放医研の病院は、日本唯一の放射線診療単科病院であり、がんの放射線診療に特化した非常にユニークな存在です。悪性腫瘍に対する放射線治療・診断を中心とした先進医療や臨床試験が行われていますが、緊急被ばく医療の三次被ばく医療機関としての機能も備えています。

病棟は、患者さんのプライバシーを守り、家族との触れ合いを重視するとともに、高いアメニティーと優れたユーティリティーを考慮して設計されています。病院を支えるスタッフは、世界に例を見ない診療技術の確立を通して、近隣アジアや欧米諸国に対する国際貢献の役割も担っています。

医療相談に対する窓口を開設

放医研による重粒子線がん治療の評価が高まるにつれて、全国からがん治療に関わる多くの医療相談が寄せられています。病院では、専任担当者による電話相談コーナーを設置し可能な限り適切なアドバイスのできる体制を整えています。また、週2日は医師による相談外来(セカンドオピニオン外来)を設け、専門的な医療相談にも対応しています。

[連絡先]
事務課 相談窓口
TEL:043-284-8852
受付時間:平日(月~金)
午前 9:30-12:00
午後 13:00-15:15

万全な体制と綿密な計画のもとに実施される臨床試験

「重粒子線がん治療臨床試験」とは、放医研の医療用重粒子線がん治療装置HIMACを使用して行われる臨床試験のことを言います。これらは様々ながんの症例に対し、重粒子線がん治療の安全性と有効性を検証し、また優れた治療効果を発揮できる疾患を見出すことを目的として実施されます。

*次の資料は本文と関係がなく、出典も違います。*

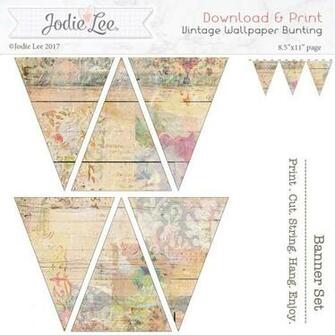 Printable Christmas Bunting Shabby Chic Vintage Wallpaper Snap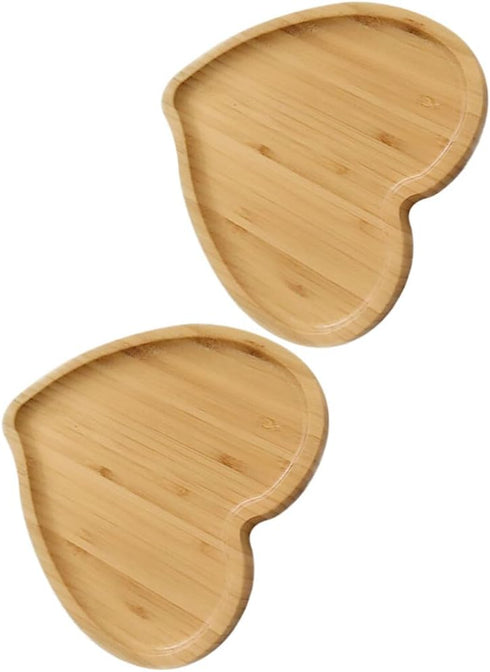 PRETYZOOM Heart Shaped Cutting Board 2pcs Valentines Day Wood Bamboo Serving Board Cheese Platter Tray Heart Charcuterie Bread Board for Appetizer...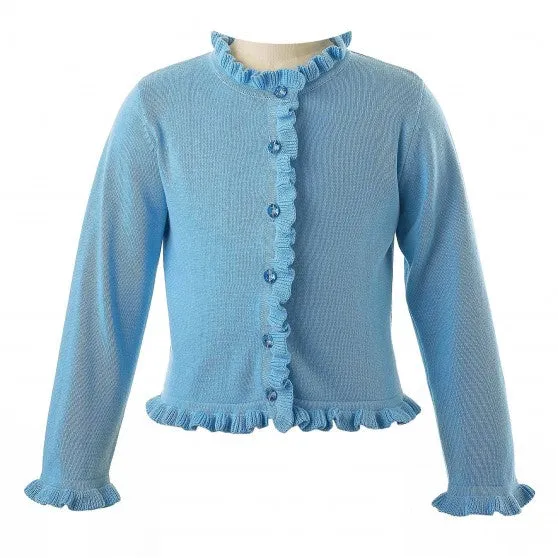 Rachel Riley Powder Blue Frill Cardigan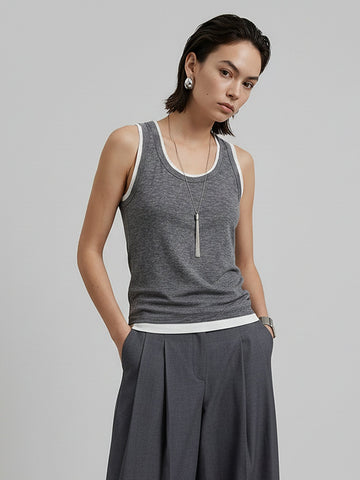 Contrast Detail Tank Top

重粒子線によるがん治療は、臨床試験実施上の検討組織である「重粒子線治療ネットワーク会議」をはじめ、「計画部会とその分科会」「評価部会とその研究班」「放射線治療部会」等、所内外の専門家・有識者からなる委員の協力を得て、倫理面を配慮しつつ科学的に遂行されています。

先進医療として承認された重粒子線がん治療

1994(平成6)年に、治療が開始されました。臨床試験の初期段階では、肺や皮膚等に強い早期反応(副作用)を認めた症例や重篤な消化管の副作用を認めた症例がありましたが、適切な照射線量の把握や照射法の改善により現在ではこれらの問題点は、解決されました。これまで蓄積された臨床試験データをもとに、より治療効果の高い照射治療が行われており、多くの症例において病巣制御や症状改善の効果が得られています。
病院の臨床試験ではほとんどの部位で、他の治療法では治癒が困難な症例を治療対象としています。特にエックス線に抵抗を示す腫瘍(腺がん、腺様嚢胞がん、悪性黒色腫、肝細胞がん、肉腫等)で顕著な有効性が認められています。2003(平成15)年10月に厚生労働省により先進医療に承認されました。